On Wednesday I also helped one mother and her daughter get to the airport as they were finished with their training at the clinic and then two hours later had to return to meet my sister Christine and my mom at the airport.  Additionally, on this day we started the discharge procedures so as not to incur any further costs at clinic.  This carried through until Friday although normally the discharge process only takes one day when arranged in adavnce.  However, because of the financial surprises thrown our way by the clinic we told them we wanted to leave ASAP and start treatment as out-patients on a flat monthly case management fee of $7,600/month.

Supatra and Jason have been really happy with all the attention they have been getting from their Aunt and Grandmother.  They have gotten lots of presents and new toys and are having some quality play time which me and Punny have not been able to give them of late.  Today (Friday) we took the kids to a big Halloween store to do some Halloween shopping for Supatra.  She has been eagerly anticipating this since we arrived in Houston and first spotted the store from the highway.  Tomorrow we will attempt to go to the Houston Space Center and it will only be our third day since our arrival that we will not need to go to the clinic in the morning.  In fact, having been discharged we will not need to go back at all unless of course there is a medical necessity to do so.  From now on we will be doing everything at home as if we were in the UK and we will be taking her blood work to a local lab for analysis as this costs less then what the Burzynski clinic charges.

This week we also contacted some of our close friends in Cambridge to let them know we will need to start our fundraising campaign in earnest because of the additional costs we have incurred at the clinic.  We continue to get contributions from friends, family member's co-workers, and my co-workers at RAF Molesworth and from Canada.  We appreciate the effort everyone is putting forth on Supatra's behalf.  We are also engaging with a charity in the UK that we may be able to set-up an umbrella organization under in Supatra's name so that we can use their charity number, which will then mean that contributions to this charity will be tax deductible and hopefully attract some larger donors.  The charity (I won't mention them until all agreements are in place) will then put these donations in a separate account for us and then pay all medical and medical related bills directly to the biller.  They are already doing this for the two other couples from the UK who are currently here at the Burzynski clinic getting their children treated as well.  The only problem with this set-up is that they can not reimburse us for money already spent and they will only be able to pay for bills once we have raised money and there are enough funds in this separate account.  However, if it attracts bigger donors then at least we can see some light at the end of the tunnel for future expenses that we will surely incur.  We may also set-up a web site and move the blog there but we are still thinking this through as I know absolutely nothing about setting up websites nor do I necessarily want to increase our burden with the maintenance of said site. 

We continue to await word from our local doctor to see if she will support us and it has now been two weeks since we sent her all the information.  Last word I got was that she was still reviewing the documents but I am starting to think that the answer will be no.  Earlier this week we started to ask a few others within the medical community to ask around on our behalf and hopefully something will come of it.  We are also asking the other two Uk couples to contact their doctors to see what may be possible with them.
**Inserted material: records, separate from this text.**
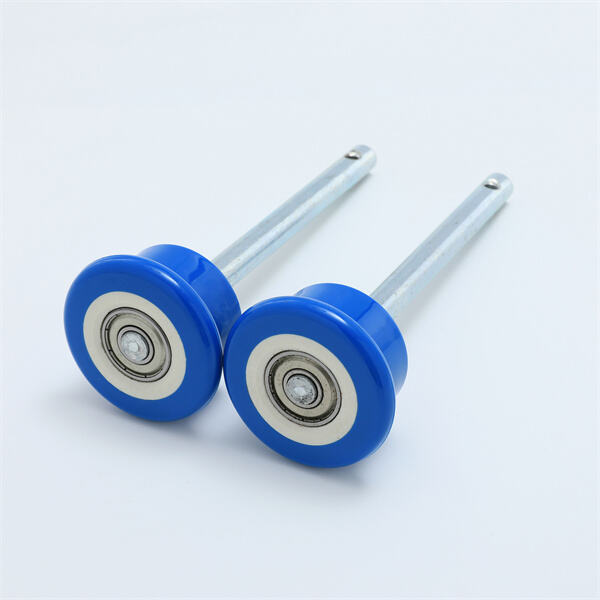 Povećajte energetsku učinkovitost uz naše učinkovite čelične kotače za garažna vrata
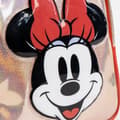 Miniatyrbillede 6 af 7: Børnetaske Minnie Mouse Rød 20 x 23 x 8 cm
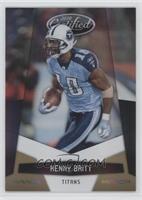 Kenny Britt #/25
I am still hopeful that we can all return by the end of this month as I really do not want to leave Punny and Supatra alone here.  Not only will it be a lot of work for Punny to take care of Supatra on her own but it will also add to our financial burden.

Thanks to all those that have donated money for Supatra's medical treatment.  Unfortunately there are too many this week to mention but rest assured we are very grateful for everything.

Best wishes and have a joyful weekend.

Jorg

1 comment:

  1. Miss you and the munchkins. Love you and will continue to spread the word and do our best.